Right maybe we can make them free and safe? Not sure why that is not possible. Walking on the street is free. In many places it is safe too.

Safe is a tougher problem, and especially when you consider that in most American cities with subways, the exact cities we're talking about right now, generally NO, there are many areas where it is not safe to walk! While I agree public transportation safety and public safety in general are incredibly important, they're also (clearly, given how we're failing at them) also difficult endeavors.

I also think this is relatively orthogonal to cost; cost is nice because it helps keep the people you don't want in the train (crazy people with knives, people smoking weed in the train, people who yell at everyone on the train and make them feel unsafe, etc.), but it's also important to create at least a small barrier so that people don't 'waste' the transit system! In general, when things are completely free, they will be taken advantage of; even a very small tax / friction helps stop this. If the subway is completely free, there's no reason to not just sit on it all day (taking up space and making it worse for everyone). I think subsidizing the subway is net beneficial given that we subsidize cars and things already with road upkeep and such, but free is not what you want.

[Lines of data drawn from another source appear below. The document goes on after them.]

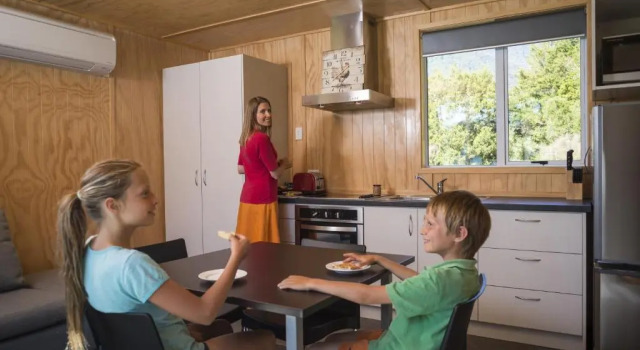 Апартаменты Luxury Fox Glacier TOP 10 Holiday Park & Motels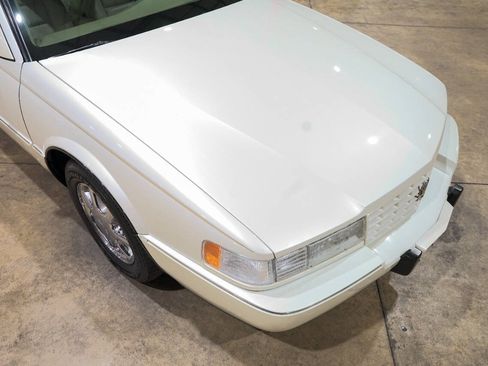 Used 1996 Cadillac Seville STS FWD image 18
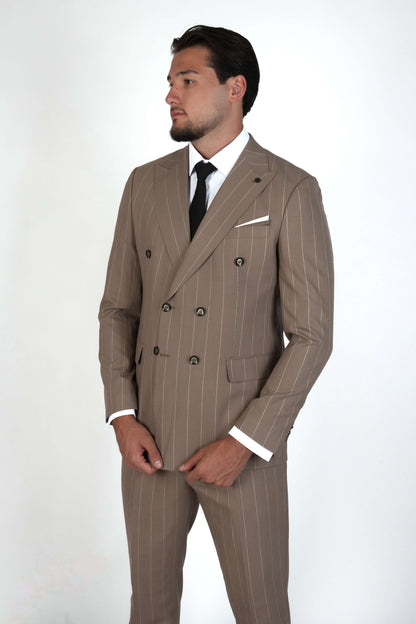 Мъжки кафяв двуреден костюм на фини райета Slim Fit
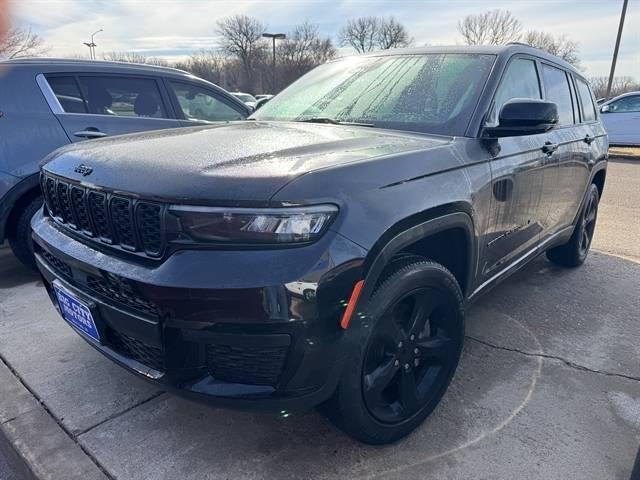 2021 Jeep Grand Cherokee WK Altitude in Sioux Falls SD For Sale - Image 1
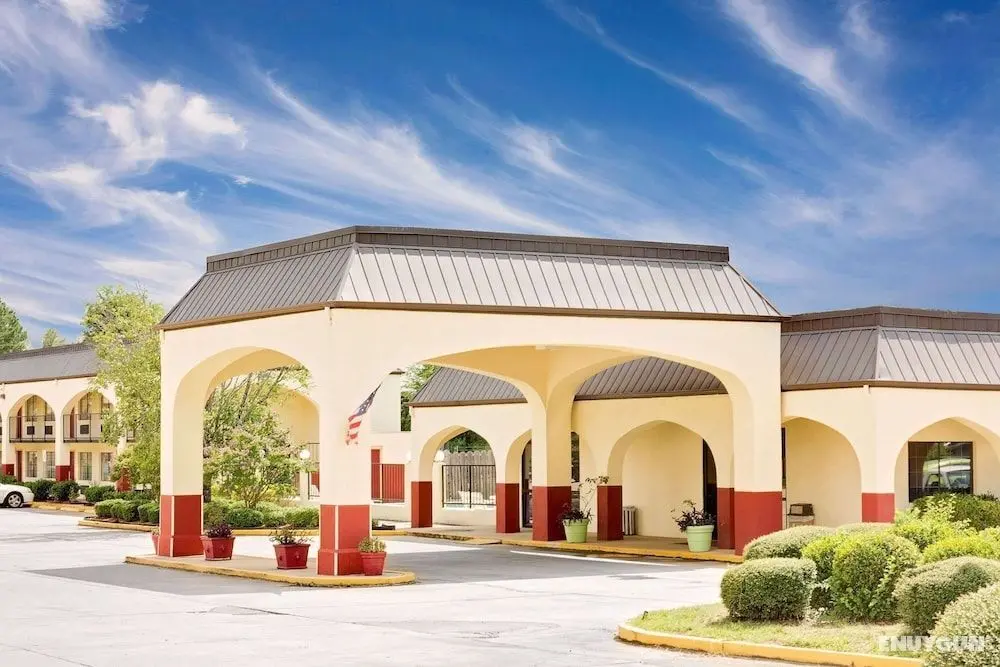 Days Inn & Suites by Wyndham Starkville - Öne Çıkan Resim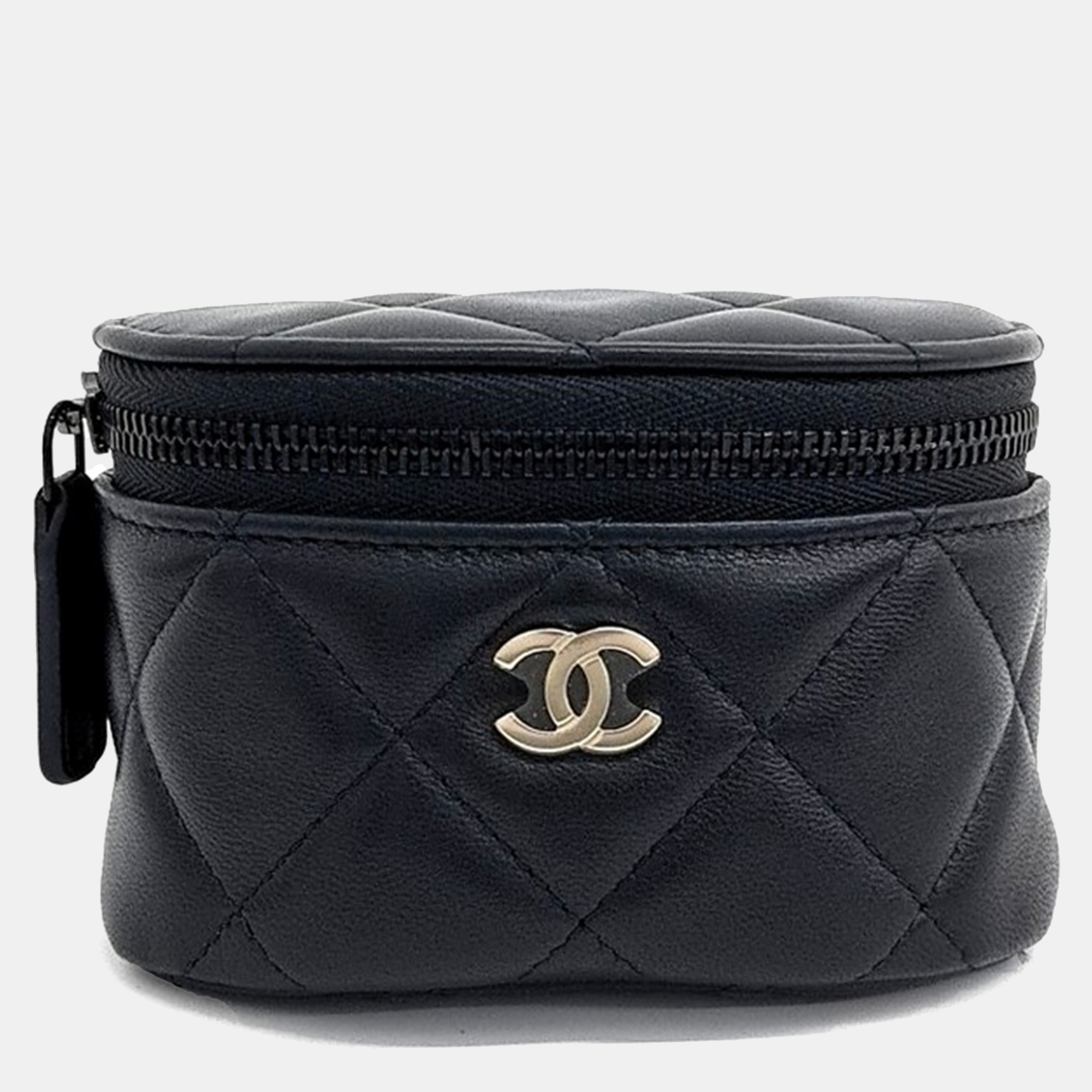 

Chanel Black Leather Armband Pocket Mini Bag
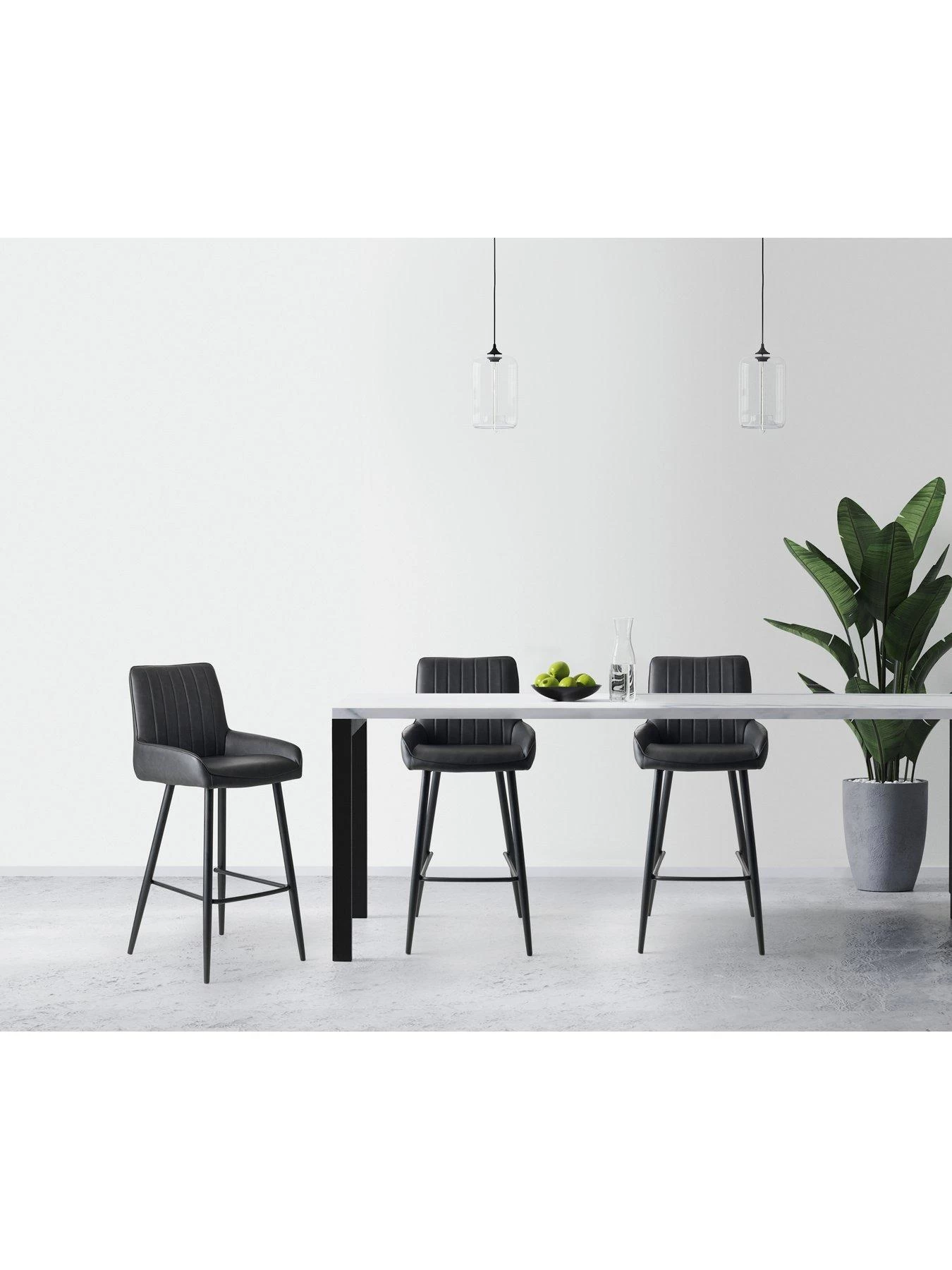 Julian Bowen Soho Faux Leather Barstool - Black 3 Julian Bowen Soho Faux Leather Barstool - Black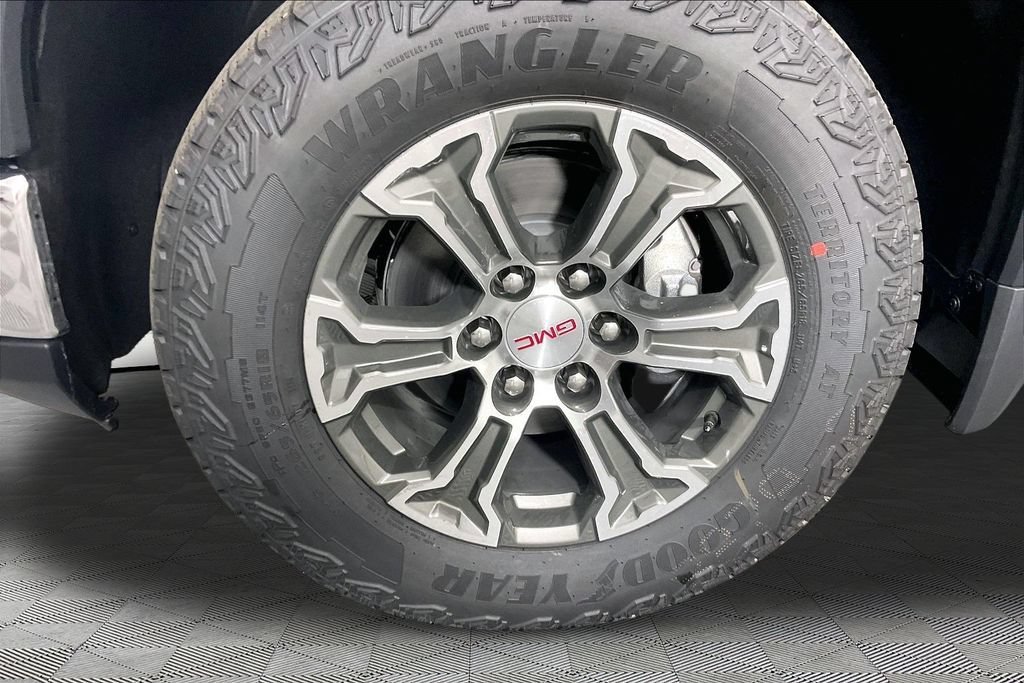 2026 GMC Sierra 1500 SLT - Photo 13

  • There are other things to consider. Free public transit would make it more desirable to not use cars as much reducing congestion, accidents, pollution, energy usage. The need to build less high traffic roads may be a money saver to offset. Also it will get more people to exercise by walking to bus stops. You'd need disencentive for abuse but you can personally only add 16 person hours of usage per day so it is not like say free unlimited money or electricity where a single user can add a lot of strain. And spending all that time on transit is a cost. For homeless people yeah you may need to solve that problem! Build more housing for sale and rent driving down prices and reducing the number of homeless yet productive people (with jobs but can't afford rent). Build shelter for homeless with problems they can't hold down a job.

    • Why do you need free public transit for this? Why not just cheap public transit? Cars certainly aren't free, but people drive them because cars are just far better in most ways; you get to listen to your own music, they can be fun to drive, are incredibly flexible (can go anywhere), don't have the last mile problem, take like half the time unless it's rush hour, etc. Cost just isn't the reason people aren't using public transit. People buy cars because you NEED cars for many other reasons (most of them mentioned), and then once you have a car and pay for insurance and everything it's simply nicer and faster than public transit (rarely cheaper, even only factoring in gas and per mile depreciation, although the BART is so expensive it comes close). (FTR: I'm not sure where I stand on public transit subsidization; I think some is definitely good, but not sure how much I think is optimal).